There are some steps to follow which Microsoft created to describes the upgrade process, and to my surprise they really work:
- Backup the cluster database
- Backup the workload data. It means backing up you virtual machines running on your Hyper-V cluster(s) but I recommend you also backup the Hyper-V hosts
- Stop the Cluster Aware Updating (CAU) service (if used) so no patches get installed during the upgrade process and reboot the hosts
- Pause the Hyper-V node so all the virtual machines get migrated on the remaining nodes in the cluster
- Evict the 2012 R2 node from the cluster. It has to be in a Pause state and no virtual machines should run on it
- Install a fresh copy of Windows Server 2016 on the evicted node
- Configure networking and install the Failover Cluster feature and Hyper-V role on the new 2016 host
- Re-join the host to the cluster and migrate the workload to this node
- Repeat the operations for the rest of the 2012 R2 nodes in the cluster
- Update the Cluster Functional Level
As you can see there are quite a few steps to follow, but they are easy and straight forward, so let’s get to it.

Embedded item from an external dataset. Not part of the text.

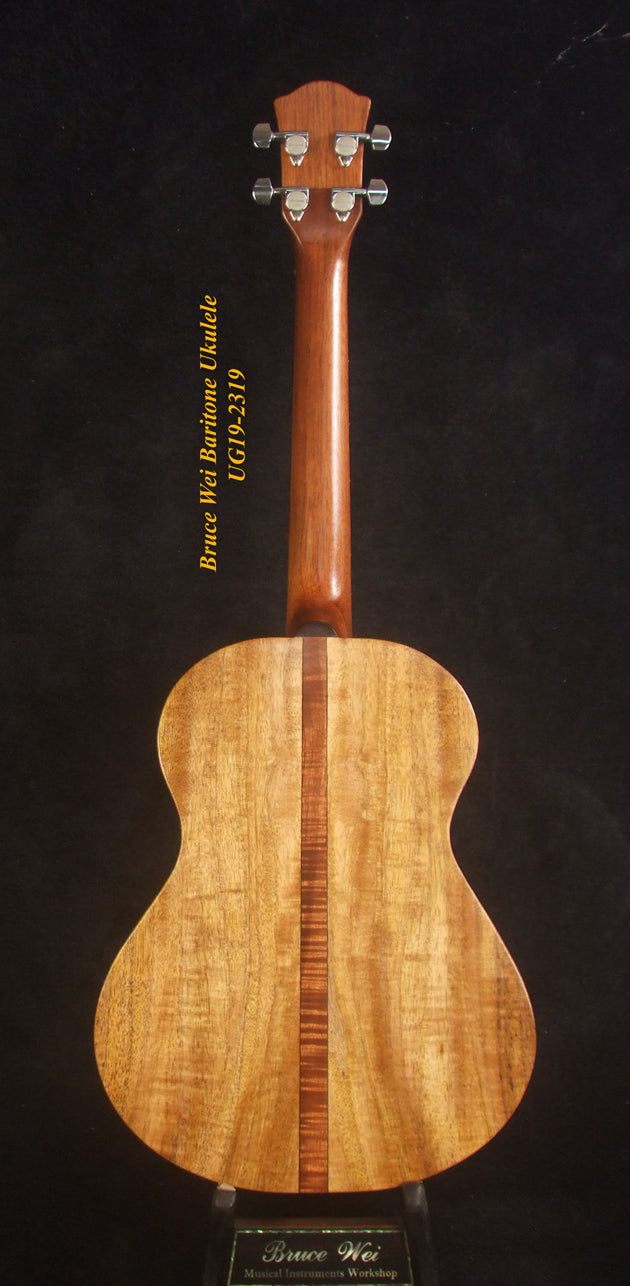 Handcrafted Baritone Ukulele, Solid Mango 4 String, Maple Leaf Inlay, Soft-bag, Bruce Wei UG19-2319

Backing up the environment
Yes, even if we have a Failover Cluster, we still need to backup up the data. We can use the Windows Backup utility since it’s free and does the job pretty well, but if you have third party backup software, then be my guest and use it. To backup the cluster database we just have to follow the wizard and do a full system backup of the nodes.
I want to say that Microsoft’s backup utility does the same good job in saving the VMs, but it doesn’t. If you use it, your VMs will be put in a saved state in order to be backed up, which is not good because it beats the purpose of this article; upgrading the cluster with no downtime. For this one I recommend using a third party backup tool, if the budget permits so you can eliminate the downtime.

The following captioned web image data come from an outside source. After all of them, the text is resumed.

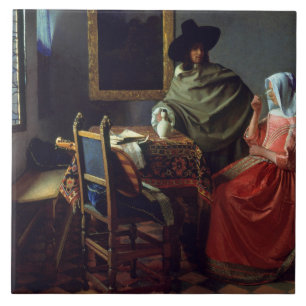 Jan Vermeer - Das Glas Wein Fliese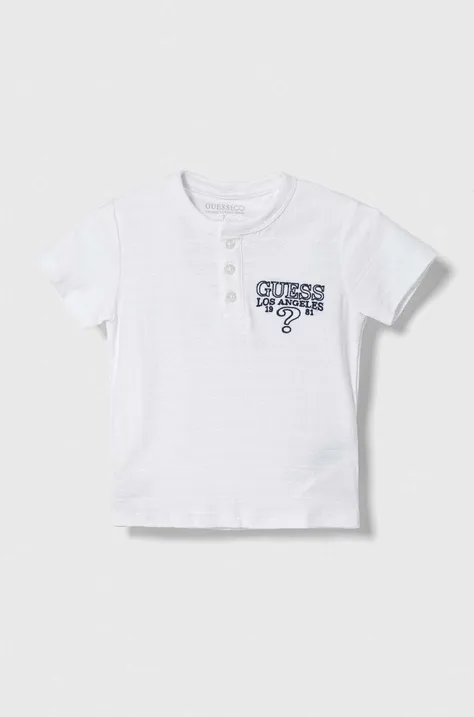 Дитяча бавовняна футболка Guess колір білий однотонний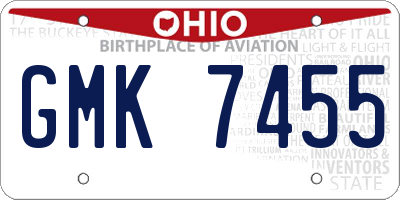 OH license plate GMK7455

Stopping Cluster Aware Updating (CAU)
As you know, Microsoft introduced Cluster Aware Updating to patch Windows Failover Clusters, and it’s a great tool, but when upgrading a cluster however it needs to be stopped if it’s running. This section is more about stopping everything that means patching, not just the Cluster Aware Updating service so the nodes don’t reboot during the upgrade.
To stop the Cluster Aware Updating service just open it’s console from the Administrative Tools menu and click the Cancel Updating Run button if patching is running.

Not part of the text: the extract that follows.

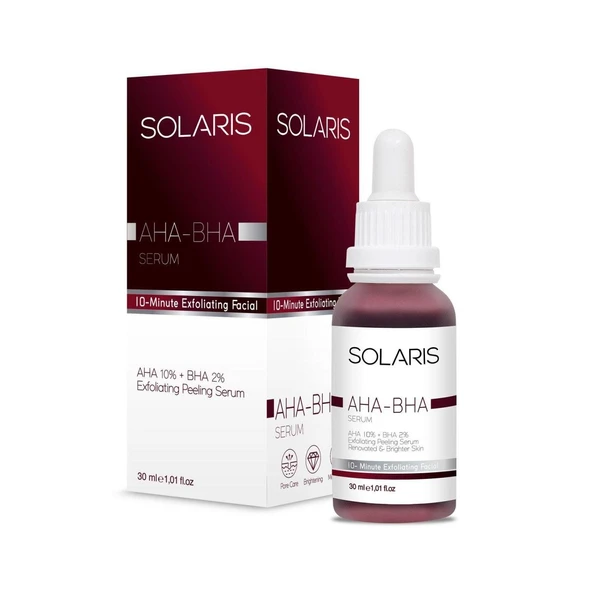 Solaris Cilt Tonu Eşitleyici Canlandırıcı Yüz Peeling Serum AHA 10% BHA 2% 30 ml ürün görseli 1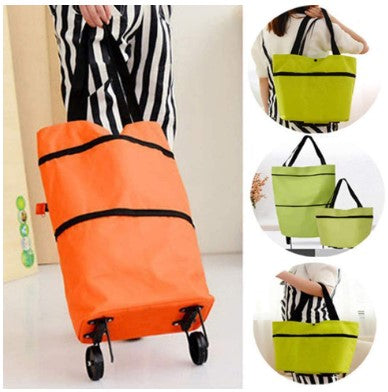 Realaiot Folding Shopping Pull Cart Trolley Bag With Wheels Foldable Shopping Bags  Reusable Grocery Bags Food Organizer Vegetables Bag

For those that want to use PowerShell, use the bellow command on one of the Hyper-V nodes to check if CAU is running. If is running you will get the RunInProgress message and list the nodes on which is running.
If is not, the RunNotInProgress message is displayed.
To stop the service just type:
Stop-CauRun -ClusterName <name of the Hyper-V cluster>
Evicting Hyper-V node from the cluster
Now that we have our backups in place and the cluster working properly, it’s time to upgrade the first node in the cluster. As mentioned before, no VMs should be sitting on this host, so we need to migrate them to the other ones available in the cluster.
We do this by putting the node in a pause state by right-clicking it and go to Pause > Drain Roles.
As soon as we give the command, the VMs will start migrating from this host. There might be some VMs that will not migrate, and usually this happens when the Hyper-V hosts don’t have the same settings configured like networking, storage etc. If that’s the case, fix the problem then migrate the VMs manually.
Once the Hyper-V node is in a paused state, right-click it again and go to More Actions > Evict in order to remove the node from the cluster. Answer Yes on the message that pops-up. This is a warning telling us that the cluster might get unstable if we remove one of the nodes, but we know better since we have migrated all the VM from the node and we also have our backups.
We can also use PowerShell for this operation which in my opinion is a lot easier than clicking those windows and menus. All we have to do is type two command lines to get this done. The first one will put the node in maintenance mode, or pause mode in Microsoft’s language.
Suspend-ClusterNode -Name <Hyper-V node name>
The second command will remove the Hyper-V host from the cluster.
Remove-ClusterNode -Name <Hyper-V node name>
Install new OS on the evicted node
The time has come to re-format the drive on the evicted node and install Windows Server 2016. Yes, we can upgrade the OS, but a clean, fresh install does the job a lot better; so go ahead, boot your server from the installation media and follow the wizard. When you get to the Where do you want to install Windows page, make sure you delete or re-format your boot drive just so the previous installation will no longer exist.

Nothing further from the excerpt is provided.